PROMPT: Below is a listing from which only part is wanted; return exactly the lines from the one with "Tablet Screenshot of" up to and including the one with "Miss Gaynor Smith".

====== DATA TO EXAMINE

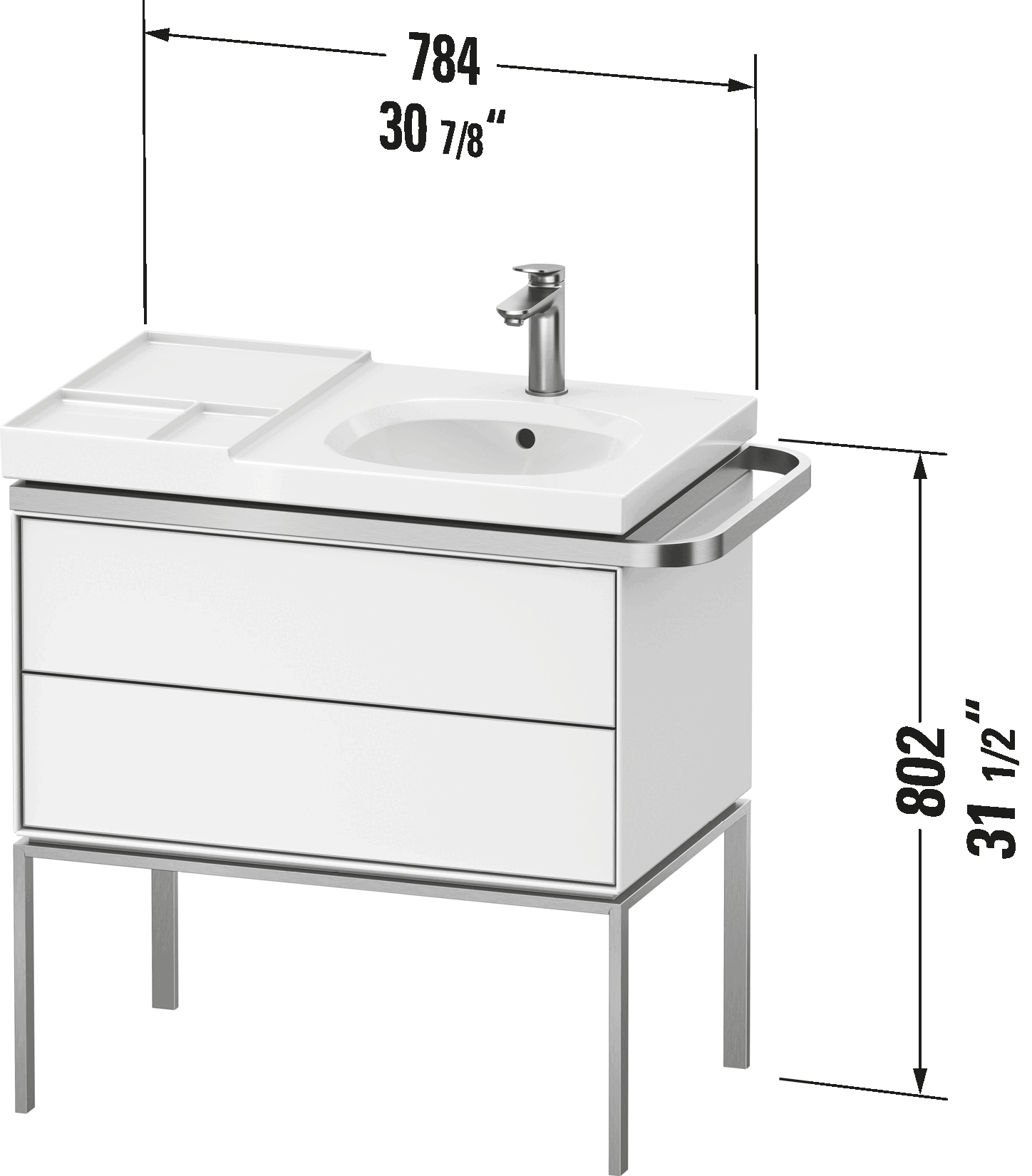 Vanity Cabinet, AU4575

============
====== DATA TO EXAMINE

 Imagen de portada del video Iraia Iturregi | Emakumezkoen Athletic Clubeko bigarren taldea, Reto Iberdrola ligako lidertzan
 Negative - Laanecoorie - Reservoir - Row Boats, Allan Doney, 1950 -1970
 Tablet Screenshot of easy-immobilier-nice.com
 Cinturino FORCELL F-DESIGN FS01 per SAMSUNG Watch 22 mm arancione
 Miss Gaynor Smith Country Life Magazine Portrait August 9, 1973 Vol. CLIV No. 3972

============

COMPLETED TASK:
 Tablet Screenshot of easy-immobilier-nice.com
 Cinturino FORCELL F-DESIGN FS01 per SAMSUNG Watch 22 mm arancione
 Miss Gaynor Smith Country Life Magazine Portrait August 9, 1973 Vol. CLIV No. 3972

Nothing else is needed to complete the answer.